Students chuckled at the idea of having the kind of equipment — like the bio-safety cabinet that filtered the air around their cell samples and microscopes — at their high schools.
That’s one reason why the summer camp is so educational. “It’s a great opportunity to get to work with new things,” said Emma Peterson of Phillips High School in north central Wisconsin.
Her classmate, Kate Lochner, said the camp is giving her new appreciation for the potential of stem cell use, something she thinks will burgeon in the next few years. “I think that’s going to be really helpful in all fields of research,” said Lochner.
Both girls see science — and UW-Madison — as possibilities in their futures.
“It’s a great school,” said Lochner. “A lot of kids from Phillips end up going here.”
A “lot” percentage-wise can mean just a few students from small schools like Phillips, with an enrollment of 228 this past year.
Aaron Destiche, a middle and high school teacher in the Coleman School District, said the camp makes going to UW-Madison to pursue a career in science “a tangible thing, not something off in the distance.”
About 60 percent of Coleman graduates attend Northeast Wisconsin Technical College in nearby Green Bay, and 20 to 30 percent go on to a four-year college Destiche said. A handful of them, four or six a year, usually attend UW-Madison, he said.
Students on Wednesday noted that the beating of the cells slowed after the introduction of verapamil.
“Does the drug affect the calcium?” asked Annabelle Kolecki, a student at Coleman.
“That’s a good hypothesis,” replied graduate student Angelica de Lourdes, who comes from Puerto Rico.
Kolecki said the experiment energized the learning process. “It’s easier when you are getting hands-on experience,” she said.
“It was really cool to see actual heart cells,” enthused classmate Kaily Klimek.
Both girls were excited about their week on campus. “Being here gives us the chance to try new things,” Klimek said.
The summer camp is free of charge to students and teachers attending, and is supported by several grants, including an endowment established by the family of Kathleen Smith, a former trustee of both the Morgridge Institute and the Wisconsin Alumni Research Foundation.
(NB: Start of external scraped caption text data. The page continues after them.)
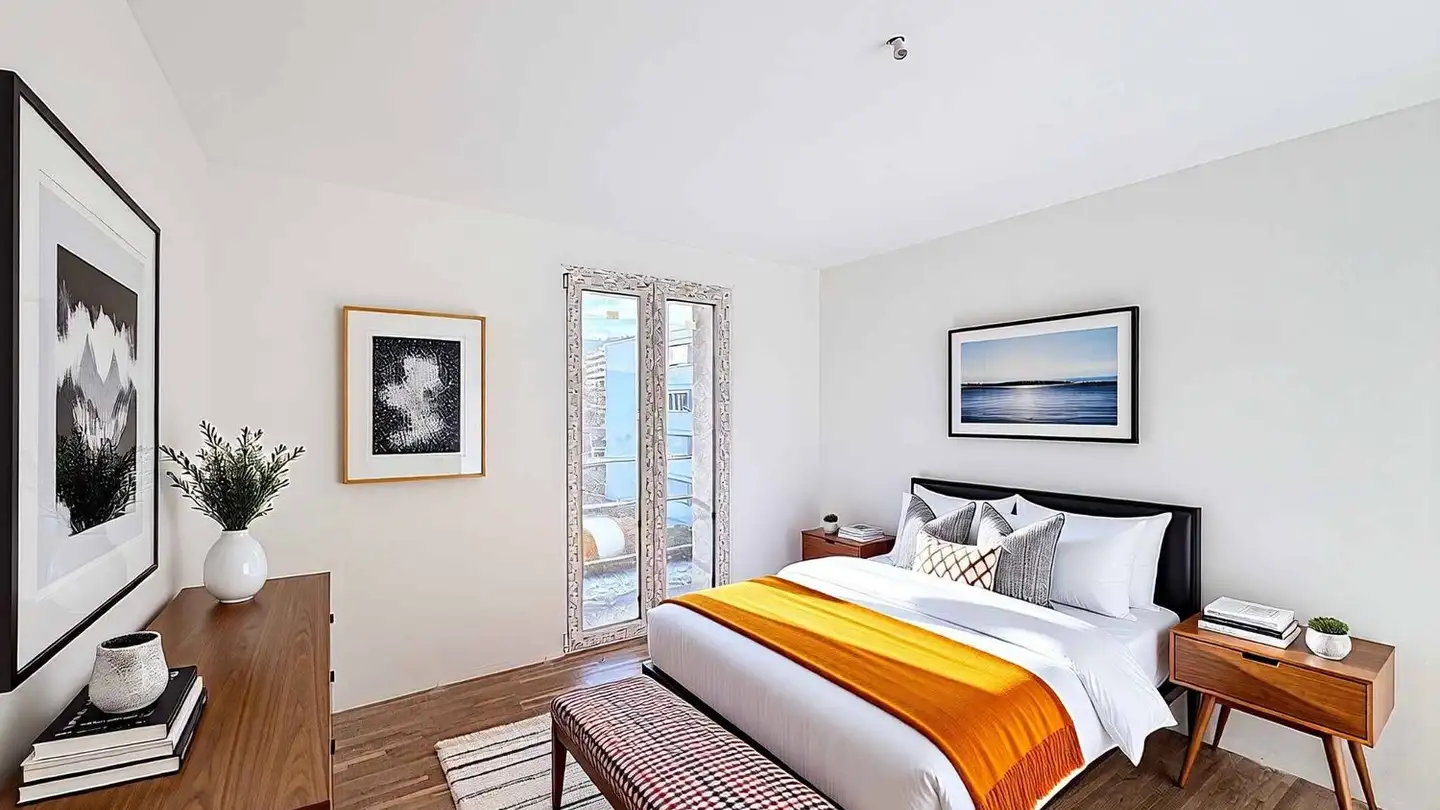 Appartement à vendre - 2068 Hauterive NE - Photo 3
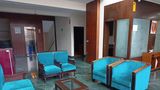 Transtree Brookefields Lobby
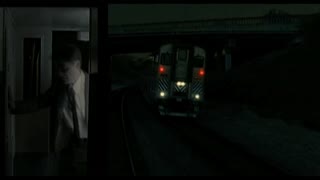 The Missing Person Movie Trailer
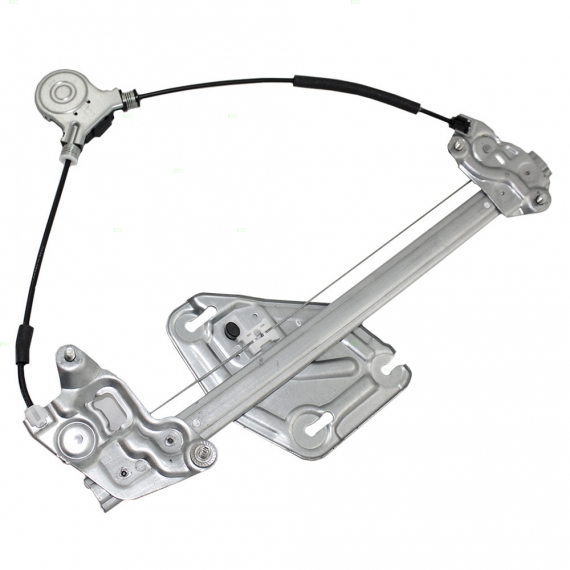 Mazda MX 5 Miata Power Window Parts At Monster Auto Parts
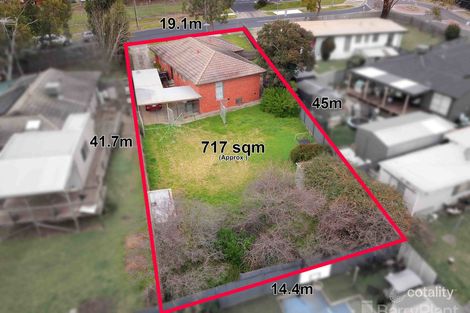 Property photo of 3 Cavendish Street Broadmeadows VIC 3047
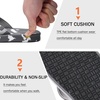 image:imageKuaiLu Mens Flip Flops Comfortable Arch Support Waterproof Thong SandalsCamogrey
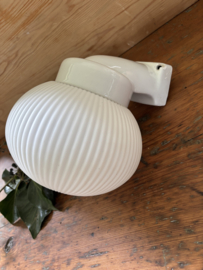 Vintage wandlampje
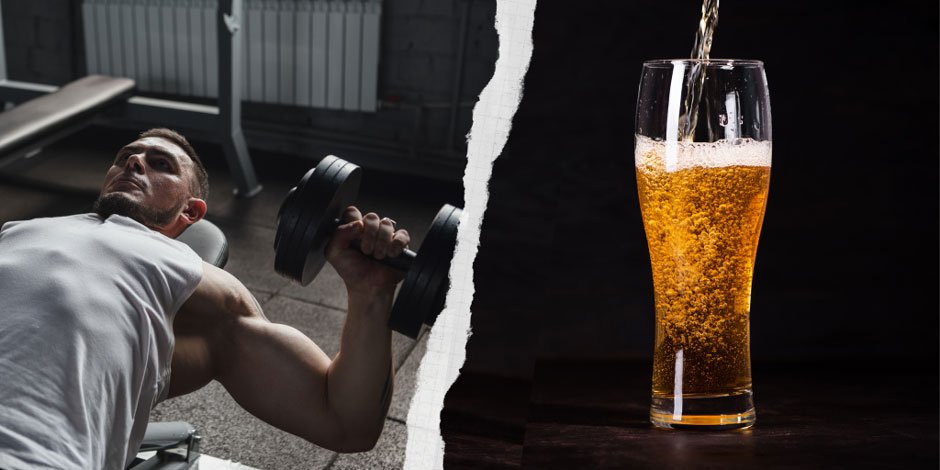 Alcohol and Muscle Breakdown: How Addiction Treatment Supports Physical ...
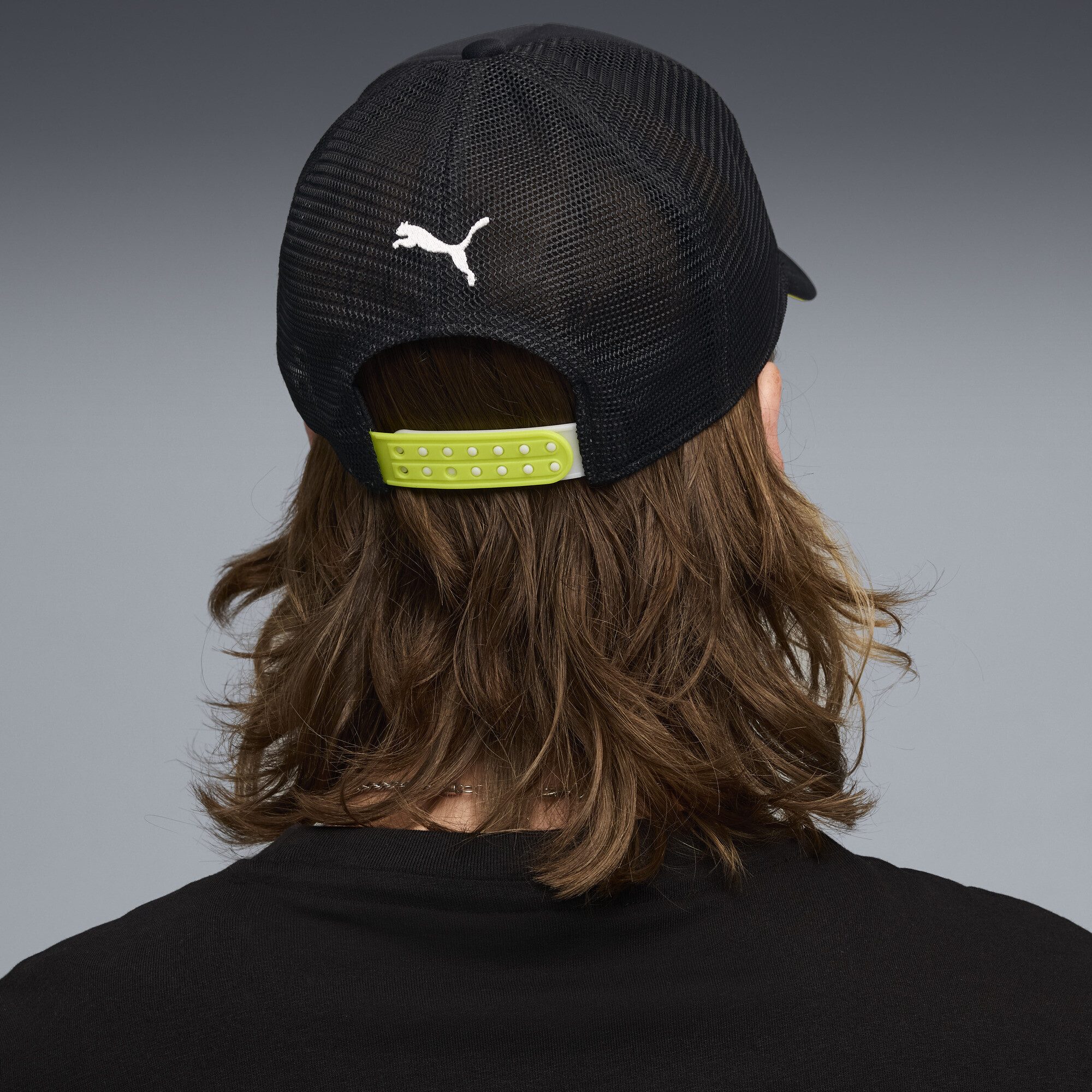 PUMA Trucker Cap PUMA x ASTON MARTIN ARAMCO F1® TEAM Trucker Cap Erwachsene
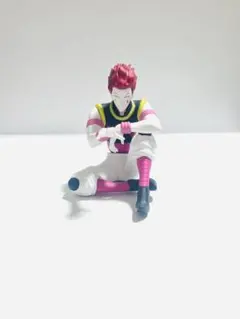 すわらせ隊りある2 ヒソカ 2個セット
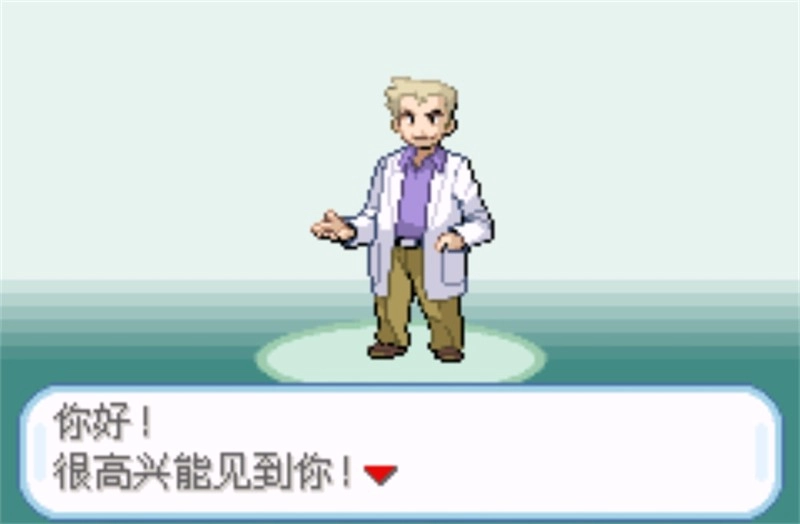 口袋妖怪融合维度汉化版图2
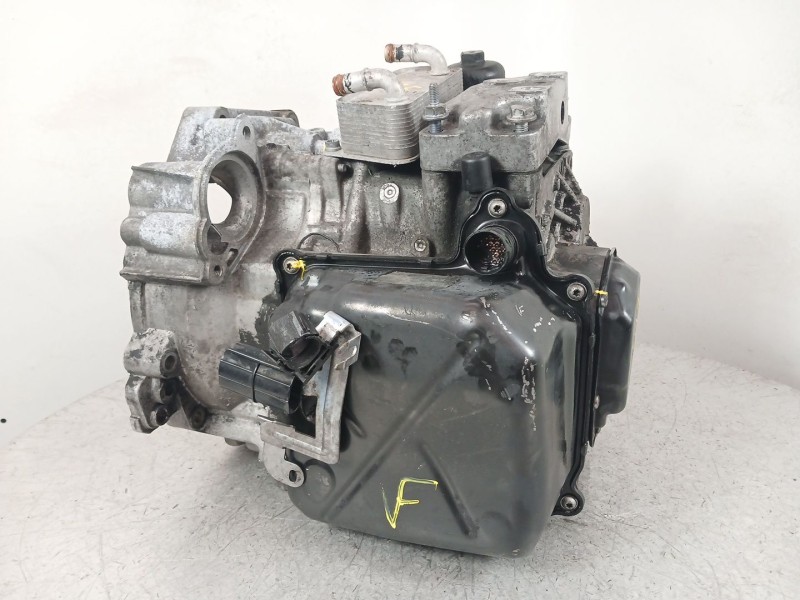 Recambio de caja cambios para audi a3 (8p1) 2.0 tdi referencia OEM IAM KMW  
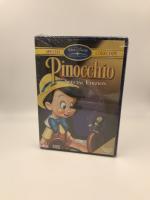 Pinocchio (Special Collection Edition) Walt Disney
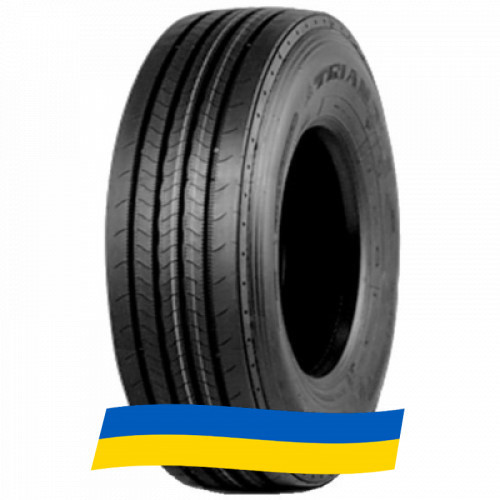 315/80 R22.5 Triangle TR601H 154/151M Рулевая шина Киев - изображение 1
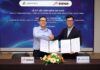 “Ampotech Partners with Avenue to Drive Energy Efficiency and Innovation in Sustainable Solutions”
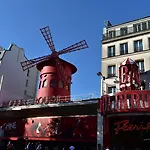 Aparthotel Madame Cadet 4*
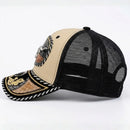 Boné Silverhorn Trucker Hat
It’s hoped that the experience also provides professional development for teachers who accompany their students, Murphy said. To promote experimentation back in the classroom, teachers receive funding of $25 per student they bring to camp to purchase science supplies, he said.
Hillsboro High School Deb Freitag returned this year with a new group of students after the camp was a big hit with those who attended three years ago.
“My students don’t get to work with this kind of equipment or with other students who have the same capabilities and excitement over science,” she remarked. The school in Vernon County in western Wisconsin has about 170 students.
“They were able to become ‘nerds,’ as they put it, and be comfortable about it,” Freitag said.
Students in the camp create posters on what they learn that Freitag displayed in her classroom. “Seeing their names and what they did made them proud of who they are,” she said, and started a buzz about science camp that had other students eager to attend.
Murphy said that camp organizers have just begun surveying students in the years after camp about what affect it had on their educational and career choices to gauge its impact scientifically.
“But we hear anecdotally from teachers that students are coming to UW-Madison because of these experiences,” he said.